Kunstfertigkeit meint handwerkliches Können. Gegenwartskunst ist etwas völlig anderes. Deshalb erweist sich das Bonmot „Kunst kommt von Können“ als pure Geschwätzigkeit. Was das Werk zur Kunst macht, ist naturgemäß der Kontext. Kunst kommt von der Bedeutung, die wir Werken zuschreiben. Dabei ist handwerkliche Stümperei in den meisten Fällen störend, aber das muß nicht auf jeden Fall zutreffen.
In genau solchen Ambivalenzen, Widersprüchlichkeiten, komplexen Anordnungen wird die Gegenwartskunst vielen Menschen zum Ärgernis. Sie wollen Eindeutigkeit. „Kannst du jetzt sagen, was Kunst ist?“ Ich kann sofort, kann kurz und bündig sagen, was ein Tisch ist und wodurch er sich vom Kleiderschrank unterscheidet.
Die Kunst ist überhaupt nicht angelegt, in solcher Kürze und Eindeutigkeit bestimmt, erläutert zu werden.

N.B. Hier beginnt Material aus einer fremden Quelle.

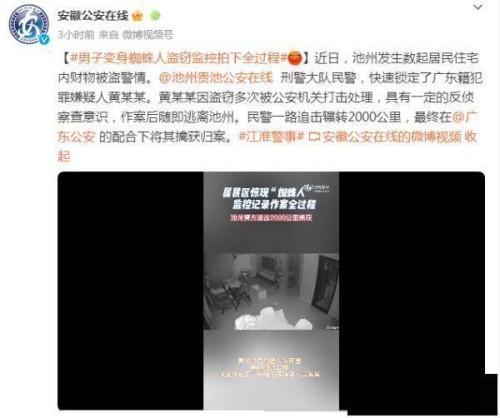 男子变身“蜘蛛人”实施盗窃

Die Kunst bietet uns Anlässe, über solche Bereiche der Alltagsbewältigung hinauszugehen, sehr viel tiefer auszuloten, was wir unter Conditio humana und menschlichen Möglichkeiten verstehen dürfen. (Wir sind die einzige Spezies, die symbolisches Denken entwickelt hat.)

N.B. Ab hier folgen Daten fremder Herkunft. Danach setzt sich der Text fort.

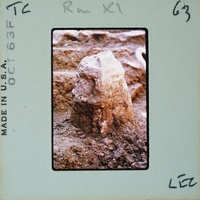 Details of terracotta figurine fragment before excavation.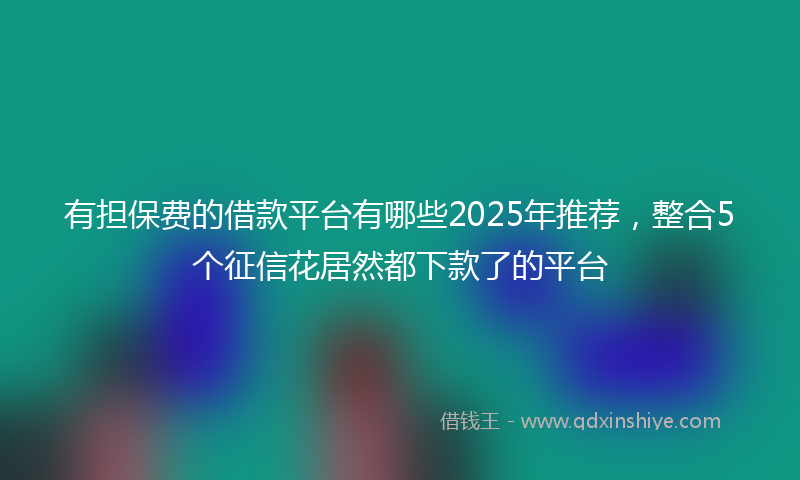 有担保费的借款平台有哪些2025年推荐，整合5个征信花居然都下款了的平台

Das macht die Kunst übrigens seit jeher, seit einigen zehntausend Jahren. Die frühesten Spuren, die ältesten Artefakte, von denen wir wissen, belegen schon, daß sich hier ein Bereich auftut, der weder eindeutig, noch praktisch, noch ruckzuck erklärbar ist.
Sehe ich mir die ältesten Höhlenmalereien an, die ältesten Tempelanlagen, von denen man uns berichten konnte, steht für mich außer Frage, daß sich hier Menschen spezialisieren mußten. Nicht jeder hat Geschick, also ausreichende Handfertigkeit, und geistige wie emotionale Grundlagen, um solche Werke zu schaffen.
Wir können keinesfalls wissen, was die Menschen damals bewegt hat. Es gibt keine Quellen, die offenbaren, was jene gedacht haben, die sich solche Fertigkeiten erwarben, was dem gegenüber andere dachten, die das nicht konnten. Aber die erhaltenen Werke dokumentieren spirituelle und kulturelle Bedürfnisse der Menschen.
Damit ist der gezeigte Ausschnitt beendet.